In eight years in the Senate, Bill Frist has drawn on his surgical experience and free-market beliefs to establish himself as a potent spokesman for GOP views on health care. But with the Tennessee Republican's sudden ascent to the Senate majority leadership, and with the overhaul of Medicare one of the main items on the domestic policy agenda, his advocacy on health issues is coming under fresh scrutiny.

Frist has repeatedly vowed to put the interests of patients before those of others in reshaping the delivery of health care for Americans. At the same time, he has consistently said the private, for-profit health institutions that have captured a much larger share of the market in the past decade are more efficient than the nonprofit ones that predominated earlier.

But in health care generally, and on Medicare specifically, patient and profit-making interests can clash in deliberations about who should have access and what they must pay. An examination of Frist's campaign and legislative records shows that in this collision, he has sometimes promoted consumer interests but has shown more consistent support for for-profit interests with powerful Washington lobbies.

This pattern has attracted criticism from consumer advocates as Congress begins to wrestle with the reform of Medicare, a fast-growing, $265 billion program that provides health care reimbursements for 40 million elderly and disabled people.
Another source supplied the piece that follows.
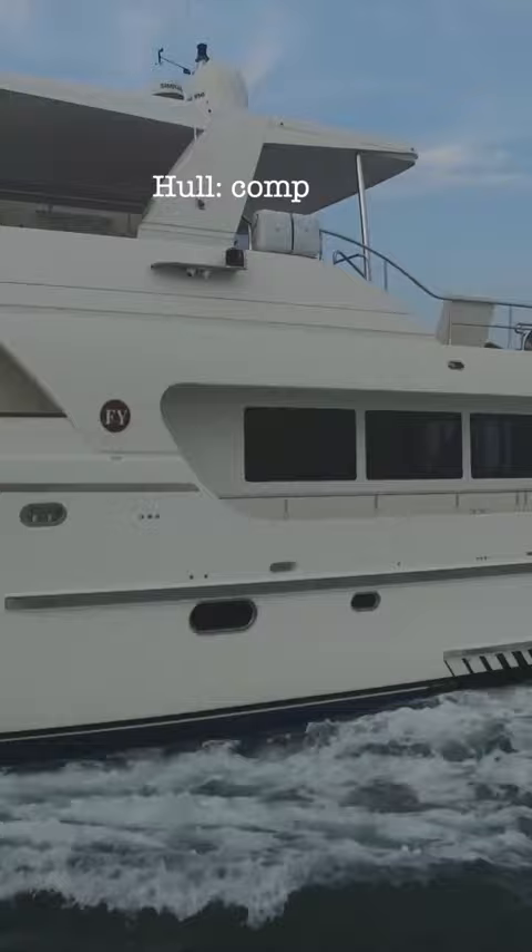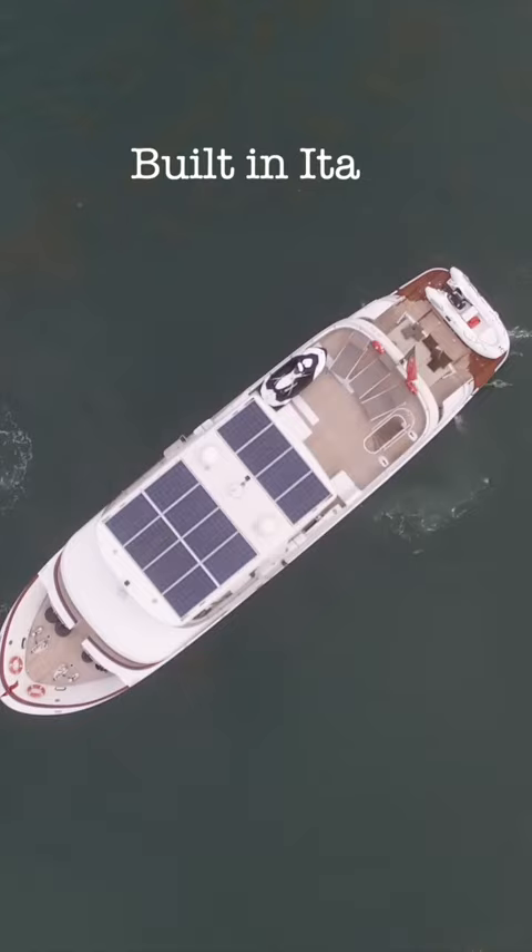She is powered by twin Chondier 280 horsepower engines. They can propel the boat through the water with a maximum speed of 12.5 knots and a cruising speed of 10.5 knots.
Frist has said he favors expanding Medicare benefits while shifting more of the program's business to private insurers, a reform that he says will offer more choice while keeping costs down.

Frist's critics assert that his personal history has given him blinders on this issue, because his father and brother founded a company that made millions of dollars by converting nonprofit hospitals into for-profit institutions, and because he has drawn extensive campaign contributions from profit-making health care and related industries.

"Frist is incapable of thinking about a health care system that would reduce the number of for-profit health providers," including nursing homes, managed-care companies and hospitals, said Sidney Wolfe, director of the Health Research Group, an arm of the consumer advocacy group Public Citizen. Wolfe's colleague Frank Clemente, director of Public Citizen's Congress Watch, said that Frist "represents the medical-industrial complex."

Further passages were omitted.